O que se estende à minha frente poderia muito bem ser classificado de imponente. É um prédio de três anadares, cinza e azul, com um portão grande de ferro. Feio. E então o portão se abriu e eu mudei de ideia. O portão dá para um pátio imenso e arborizado, com bancos e algumas áreas circulares cercadas por banquinhos de concreto baixos e simples.
"Olá. Obrigado por se juntar à nós Lúcio!"
É um senhor atarracado, e meio efusivo demais, que me acena com um sorriso cheio de dentes.
"Ah, olá Sr. ...?"
"Alfredo. Mas, por favor, sente-se". Ele me puxa para debaixo de uma árvore e um dos bancos de concreto vem flutuando até nós e aterriza delicadamente no chão.
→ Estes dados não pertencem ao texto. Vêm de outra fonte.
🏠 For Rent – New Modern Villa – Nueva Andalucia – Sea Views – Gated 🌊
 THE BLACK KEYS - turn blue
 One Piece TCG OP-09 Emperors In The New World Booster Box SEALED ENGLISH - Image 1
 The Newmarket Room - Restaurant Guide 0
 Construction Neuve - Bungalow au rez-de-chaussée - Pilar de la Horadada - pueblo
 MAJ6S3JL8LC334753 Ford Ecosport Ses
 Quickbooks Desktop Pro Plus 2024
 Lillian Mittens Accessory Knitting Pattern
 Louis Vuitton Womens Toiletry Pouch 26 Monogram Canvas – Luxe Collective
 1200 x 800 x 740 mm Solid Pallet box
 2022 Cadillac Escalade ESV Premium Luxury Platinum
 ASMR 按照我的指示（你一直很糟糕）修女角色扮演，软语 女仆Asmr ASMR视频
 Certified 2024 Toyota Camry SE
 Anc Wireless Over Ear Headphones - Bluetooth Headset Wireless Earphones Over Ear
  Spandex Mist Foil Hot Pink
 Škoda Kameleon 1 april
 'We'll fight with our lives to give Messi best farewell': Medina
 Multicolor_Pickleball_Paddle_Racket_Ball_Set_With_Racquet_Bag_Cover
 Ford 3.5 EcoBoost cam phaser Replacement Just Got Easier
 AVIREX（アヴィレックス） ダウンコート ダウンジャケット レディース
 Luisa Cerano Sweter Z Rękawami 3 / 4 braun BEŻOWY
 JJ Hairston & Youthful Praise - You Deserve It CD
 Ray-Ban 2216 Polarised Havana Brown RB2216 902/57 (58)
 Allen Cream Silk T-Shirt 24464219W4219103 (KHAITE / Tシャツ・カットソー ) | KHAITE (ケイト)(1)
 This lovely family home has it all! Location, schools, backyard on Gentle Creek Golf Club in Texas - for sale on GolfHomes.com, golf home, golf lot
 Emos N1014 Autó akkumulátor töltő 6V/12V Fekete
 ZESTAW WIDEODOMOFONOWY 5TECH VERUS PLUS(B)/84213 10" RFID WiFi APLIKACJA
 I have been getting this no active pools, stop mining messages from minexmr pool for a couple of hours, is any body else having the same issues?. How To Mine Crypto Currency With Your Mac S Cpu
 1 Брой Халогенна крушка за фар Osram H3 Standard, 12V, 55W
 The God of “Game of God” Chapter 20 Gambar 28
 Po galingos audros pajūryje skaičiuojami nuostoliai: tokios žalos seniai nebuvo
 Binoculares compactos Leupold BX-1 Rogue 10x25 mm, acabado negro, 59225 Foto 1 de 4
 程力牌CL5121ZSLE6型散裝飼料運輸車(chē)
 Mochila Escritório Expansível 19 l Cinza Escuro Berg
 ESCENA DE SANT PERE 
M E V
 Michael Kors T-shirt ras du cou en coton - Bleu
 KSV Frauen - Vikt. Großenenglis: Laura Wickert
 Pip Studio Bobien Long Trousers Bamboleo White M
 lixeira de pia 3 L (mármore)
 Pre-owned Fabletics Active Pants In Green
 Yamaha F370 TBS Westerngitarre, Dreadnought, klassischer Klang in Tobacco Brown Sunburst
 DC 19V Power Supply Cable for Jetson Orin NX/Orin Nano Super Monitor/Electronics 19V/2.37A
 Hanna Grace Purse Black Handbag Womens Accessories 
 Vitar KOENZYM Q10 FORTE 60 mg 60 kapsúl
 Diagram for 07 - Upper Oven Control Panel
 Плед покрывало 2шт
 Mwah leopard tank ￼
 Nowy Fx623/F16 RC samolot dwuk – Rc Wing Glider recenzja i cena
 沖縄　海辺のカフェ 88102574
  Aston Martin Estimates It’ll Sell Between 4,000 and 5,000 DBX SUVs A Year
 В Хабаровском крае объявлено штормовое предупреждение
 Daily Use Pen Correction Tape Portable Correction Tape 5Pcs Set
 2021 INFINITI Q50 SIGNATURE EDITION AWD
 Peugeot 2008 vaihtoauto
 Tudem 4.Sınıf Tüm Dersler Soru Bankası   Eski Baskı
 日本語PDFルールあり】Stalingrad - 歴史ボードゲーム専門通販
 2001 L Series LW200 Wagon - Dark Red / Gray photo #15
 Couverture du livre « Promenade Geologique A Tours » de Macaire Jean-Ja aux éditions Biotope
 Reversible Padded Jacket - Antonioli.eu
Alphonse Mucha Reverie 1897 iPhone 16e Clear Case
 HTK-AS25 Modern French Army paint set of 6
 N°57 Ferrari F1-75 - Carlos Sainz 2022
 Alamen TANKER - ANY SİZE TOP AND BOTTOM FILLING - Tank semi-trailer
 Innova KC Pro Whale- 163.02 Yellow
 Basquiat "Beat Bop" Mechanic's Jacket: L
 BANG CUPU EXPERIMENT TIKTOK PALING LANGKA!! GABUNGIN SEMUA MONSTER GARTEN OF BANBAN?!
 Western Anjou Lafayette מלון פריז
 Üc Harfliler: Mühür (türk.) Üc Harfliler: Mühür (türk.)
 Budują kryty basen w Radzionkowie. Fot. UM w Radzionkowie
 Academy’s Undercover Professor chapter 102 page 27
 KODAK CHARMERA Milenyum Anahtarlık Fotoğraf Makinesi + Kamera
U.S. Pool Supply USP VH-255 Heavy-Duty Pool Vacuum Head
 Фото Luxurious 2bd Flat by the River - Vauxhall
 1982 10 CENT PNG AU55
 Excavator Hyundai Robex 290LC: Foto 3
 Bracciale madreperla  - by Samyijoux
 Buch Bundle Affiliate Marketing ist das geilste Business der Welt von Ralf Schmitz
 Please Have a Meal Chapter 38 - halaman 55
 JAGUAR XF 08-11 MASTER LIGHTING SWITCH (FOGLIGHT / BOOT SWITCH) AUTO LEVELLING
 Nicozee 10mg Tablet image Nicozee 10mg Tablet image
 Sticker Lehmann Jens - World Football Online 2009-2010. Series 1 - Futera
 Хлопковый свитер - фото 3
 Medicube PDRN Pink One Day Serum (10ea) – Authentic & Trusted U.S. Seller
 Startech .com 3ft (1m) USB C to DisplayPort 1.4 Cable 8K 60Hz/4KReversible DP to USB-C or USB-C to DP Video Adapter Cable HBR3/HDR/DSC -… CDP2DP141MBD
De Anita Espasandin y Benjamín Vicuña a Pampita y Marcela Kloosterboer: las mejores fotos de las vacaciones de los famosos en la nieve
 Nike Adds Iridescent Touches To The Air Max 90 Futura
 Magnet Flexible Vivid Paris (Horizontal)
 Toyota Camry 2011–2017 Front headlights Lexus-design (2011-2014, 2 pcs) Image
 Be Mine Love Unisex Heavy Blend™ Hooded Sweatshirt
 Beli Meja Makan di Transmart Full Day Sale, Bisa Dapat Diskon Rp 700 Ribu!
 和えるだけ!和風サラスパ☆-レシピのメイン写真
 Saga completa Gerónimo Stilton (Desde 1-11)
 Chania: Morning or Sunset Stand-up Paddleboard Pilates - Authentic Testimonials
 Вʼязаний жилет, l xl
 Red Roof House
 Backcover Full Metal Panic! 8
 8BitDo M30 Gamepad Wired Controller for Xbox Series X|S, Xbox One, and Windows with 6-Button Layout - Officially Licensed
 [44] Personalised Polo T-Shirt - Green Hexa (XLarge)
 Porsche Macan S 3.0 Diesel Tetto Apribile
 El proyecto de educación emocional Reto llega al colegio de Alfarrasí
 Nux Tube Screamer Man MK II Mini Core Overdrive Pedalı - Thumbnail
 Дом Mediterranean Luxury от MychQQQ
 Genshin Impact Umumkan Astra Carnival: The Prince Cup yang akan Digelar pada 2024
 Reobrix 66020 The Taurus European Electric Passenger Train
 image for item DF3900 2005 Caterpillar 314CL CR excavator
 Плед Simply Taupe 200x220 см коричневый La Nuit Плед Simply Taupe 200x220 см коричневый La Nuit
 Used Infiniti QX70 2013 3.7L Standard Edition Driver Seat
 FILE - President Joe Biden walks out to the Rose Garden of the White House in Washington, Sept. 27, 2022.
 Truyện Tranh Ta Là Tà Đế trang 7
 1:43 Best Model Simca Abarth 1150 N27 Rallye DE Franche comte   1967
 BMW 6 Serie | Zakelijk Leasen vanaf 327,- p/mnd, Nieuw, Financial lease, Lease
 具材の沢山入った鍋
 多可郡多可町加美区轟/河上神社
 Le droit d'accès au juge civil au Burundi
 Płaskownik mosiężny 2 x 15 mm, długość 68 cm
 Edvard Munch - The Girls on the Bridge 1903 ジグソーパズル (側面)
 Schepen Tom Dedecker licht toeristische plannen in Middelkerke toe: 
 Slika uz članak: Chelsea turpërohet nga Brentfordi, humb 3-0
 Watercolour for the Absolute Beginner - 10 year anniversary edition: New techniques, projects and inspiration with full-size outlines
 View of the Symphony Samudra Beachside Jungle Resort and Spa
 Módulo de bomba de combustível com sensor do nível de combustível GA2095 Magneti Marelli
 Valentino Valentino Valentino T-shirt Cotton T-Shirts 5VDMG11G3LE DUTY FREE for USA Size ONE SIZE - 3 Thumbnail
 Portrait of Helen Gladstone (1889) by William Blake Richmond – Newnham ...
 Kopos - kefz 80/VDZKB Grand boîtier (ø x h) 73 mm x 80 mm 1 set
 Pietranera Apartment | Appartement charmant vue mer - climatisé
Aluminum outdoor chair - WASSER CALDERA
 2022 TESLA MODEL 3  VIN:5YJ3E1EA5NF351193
"Então você é um jovem telepata? Me lembro da sua mãe quando se mudou para a Cidade de Vidro. Ela mal sabia do que era capaz! Mas logo ela se tornou um prodígio aqui na Academia".
"Hum...Academia?"
"Imagino que ela não tenha te explicado! Esse lugar é chamado apenas de A Academia. É aqui que Controladores são treinados para aprender a usar seus talentos. Muita gente já passou por aqui, sabe, e é ótimo poder te receber!"
"Então, que tipo de treinamento acontece aqui?"
"Bem, depende do seu talento. Como você é um Telepata, vai aprender a controlar suas emoções, mover objetos, o básico. Você também pode escolher aprender mais alguma coisa, que complemente seu talento, como influenciar os elementos, ou técnicas de combate para os Controladores que possuem talentos mais físicos, e ciência avançada para os super inteligentes. Mas não se preocupe, você vai encontrar algo interessante, tenho certeza!"
"O.k. Então, por onde começo?"
"Bem, sua mãe já esteve aqui e já conversamos. Por que não começa com o básico? Hora de mover objetos com a mente. Vou apresentar seu instrutor, Thales".
À menção do nome, um cara alto, de pele curtida pelo sol com tatuagens nos braços surge das sombras perto de nós. Ele tem um olhar penetrante, e os cabelos raspados. É mais velho que eu, mas algo nele me sugere rebeldia e indignação.
"Bem vindo à Academia. Sou Thales, e serei seu instrutor. Me acompanhe".
Ele não parece muito de papo, e as tatuagens parecem um sinal claro de perigo. Ele entra em um elevador e eu vou junto. Chegamos ao terraço da Academia e ele aponta para uma pedra posicionada no centro de um círculo vermelho do meu lado direito.
"Sua primeira tarefa é mover aquela pedra para fora do círculo".
"Mas eu não consigo mover objetos assim. Eu só..."
"É claro que consegue, basta se concentrar. Agora sente-se no chão".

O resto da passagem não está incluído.